AVAILABLE DATA
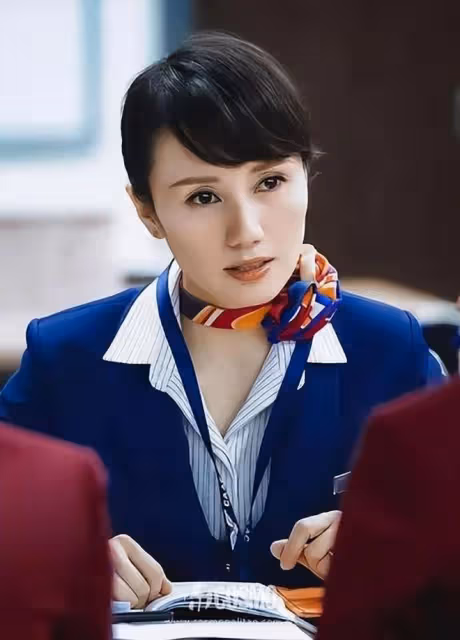 結婚12年有11個孩子,32歲嫁給最年輕影帝,無緋聞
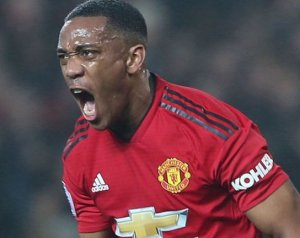 Martial öt éves szerződést írhat alá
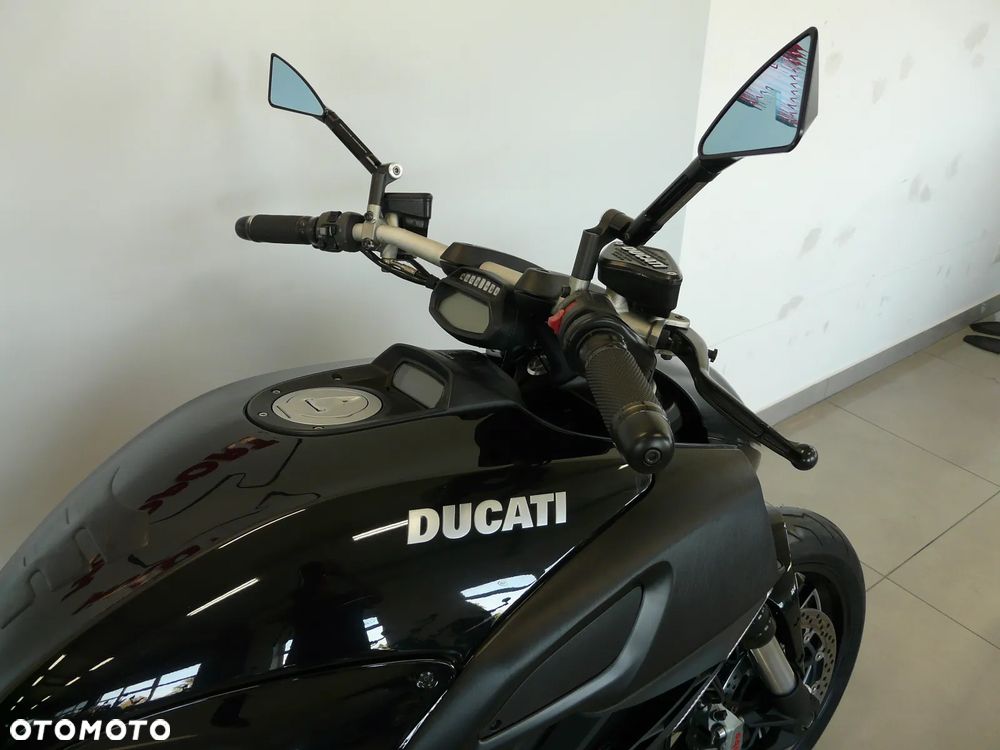 Ducati Diavel - 21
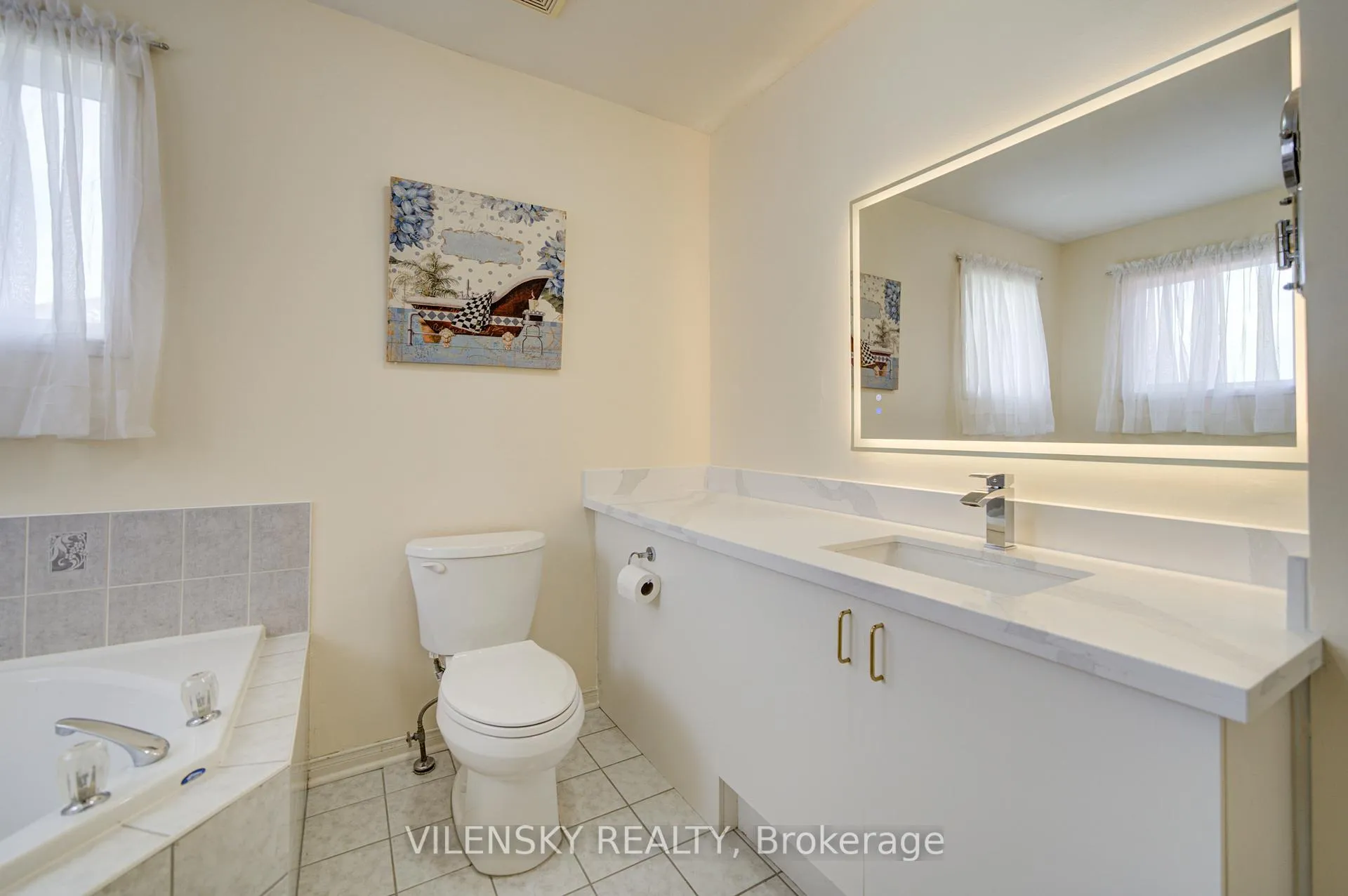 Photo 36 of 186 Purcell Crescent, Vaughan, Maple — HOMEH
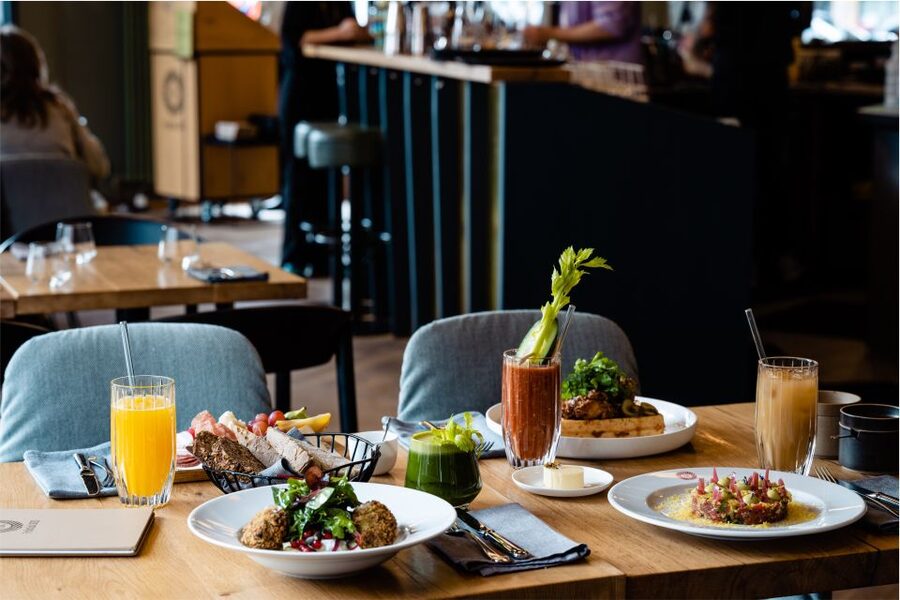 Berlin: Fine Dining Breakfast with Champagne in Schoneberg - Quick practical advice before you go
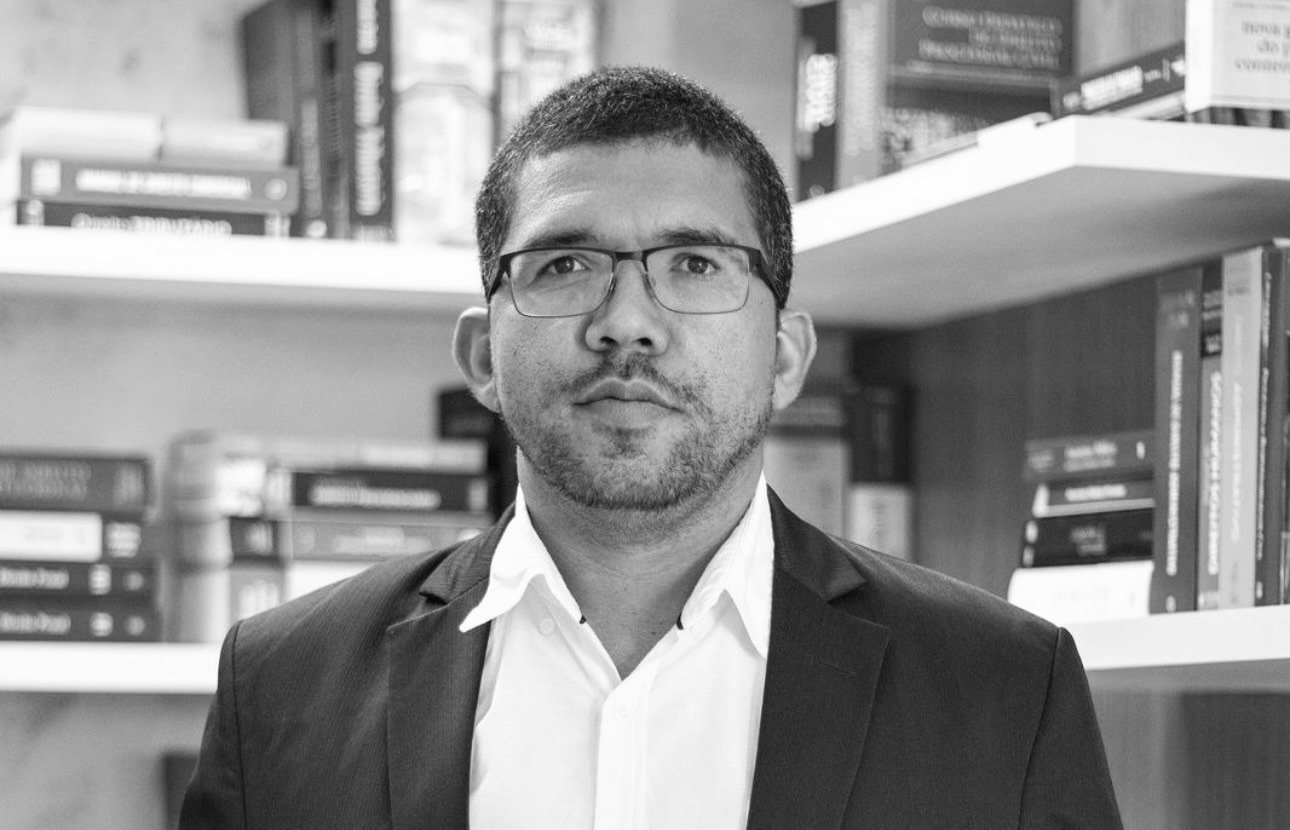 Amarildo Santos – “Diploma estrangeiro sem revalidação pode transformar sonho em frustração profissional”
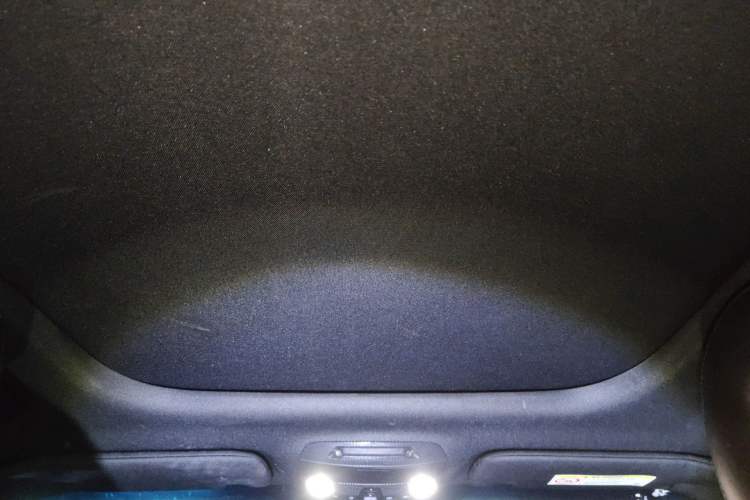 Used Lincoln MKX 2017 2.0T Two-Wheel Drive Deluxe Edition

ASSIGNMENT
Set down all of the material above exactly as written, leaving the pictures out.

EXERCISE SOLUTION
 結婚12年有11個孩子,32歲嫁給最年輕影帝,無緋聞
 Martial öt éves szerződést írhat alá
 Ducati Diavel - 21
 Photo 36 of 186 Purcell Crescent, Vaughan, Maple — HOMEH
 Berlin: Fine Dining Breakfast with Champagne in Schoneberg - Quick practical advice before you go
 Amarildo Santos – “Diploma estrangeiro sem revalidação pode transformar sonho em frustração profissional”
 Used Lincoln MKX 2017 2.0T Two-Wheel Drive Deluxe Edition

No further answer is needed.